Data extracted from a collection
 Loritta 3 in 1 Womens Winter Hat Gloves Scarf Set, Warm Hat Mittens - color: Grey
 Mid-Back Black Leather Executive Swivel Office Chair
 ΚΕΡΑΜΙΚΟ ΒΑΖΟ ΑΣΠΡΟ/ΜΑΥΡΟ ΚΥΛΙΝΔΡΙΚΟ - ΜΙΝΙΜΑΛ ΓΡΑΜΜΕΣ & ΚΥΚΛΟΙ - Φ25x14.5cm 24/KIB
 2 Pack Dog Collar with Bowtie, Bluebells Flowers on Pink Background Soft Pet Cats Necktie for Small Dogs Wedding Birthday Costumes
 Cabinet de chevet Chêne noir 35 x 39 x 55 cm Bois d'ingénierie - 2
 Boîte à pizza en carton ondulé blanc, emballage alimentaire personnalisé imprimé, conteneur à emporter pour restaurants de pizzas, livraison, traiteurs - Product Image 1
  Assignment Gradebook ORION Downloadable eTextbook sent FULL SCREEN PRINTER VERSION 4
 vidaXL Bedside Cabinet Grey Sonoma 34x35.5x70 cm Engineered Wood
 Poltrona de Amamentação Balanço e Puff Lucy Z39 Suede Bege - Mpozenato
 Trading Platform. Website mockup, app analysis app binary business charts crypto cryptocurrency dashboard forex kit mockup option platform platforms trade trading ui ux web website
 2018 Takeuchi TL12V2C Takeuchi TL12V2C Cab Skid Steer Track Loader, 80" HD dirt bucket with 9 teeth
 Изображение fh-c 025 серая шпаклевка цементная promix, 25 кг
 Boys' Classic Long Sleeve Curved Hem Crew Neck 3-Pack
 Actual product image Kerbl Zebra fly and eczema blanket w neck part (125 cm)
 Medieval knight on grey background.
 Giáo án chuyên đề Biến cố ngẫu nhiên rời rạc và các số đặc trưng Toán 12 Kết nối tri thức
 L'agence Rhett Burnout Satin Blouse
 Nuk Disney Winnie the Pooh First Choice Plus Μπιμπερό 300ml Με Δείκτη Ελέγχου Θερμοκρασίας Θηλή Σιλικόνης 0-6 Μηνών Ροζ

▸ ASSIGNMENT:
For each line in the data that contains the string "Cabinet", give a copy of that line.

▸ ANSWER SECTION:
 Cabinet de chevet Chêne noir 35 x 39 x 55 cm Bois d'ingénierie - 2
 vidaXL Bedside Cabinet Grey Sonoma 34x35.5x70 cm Engineered Wood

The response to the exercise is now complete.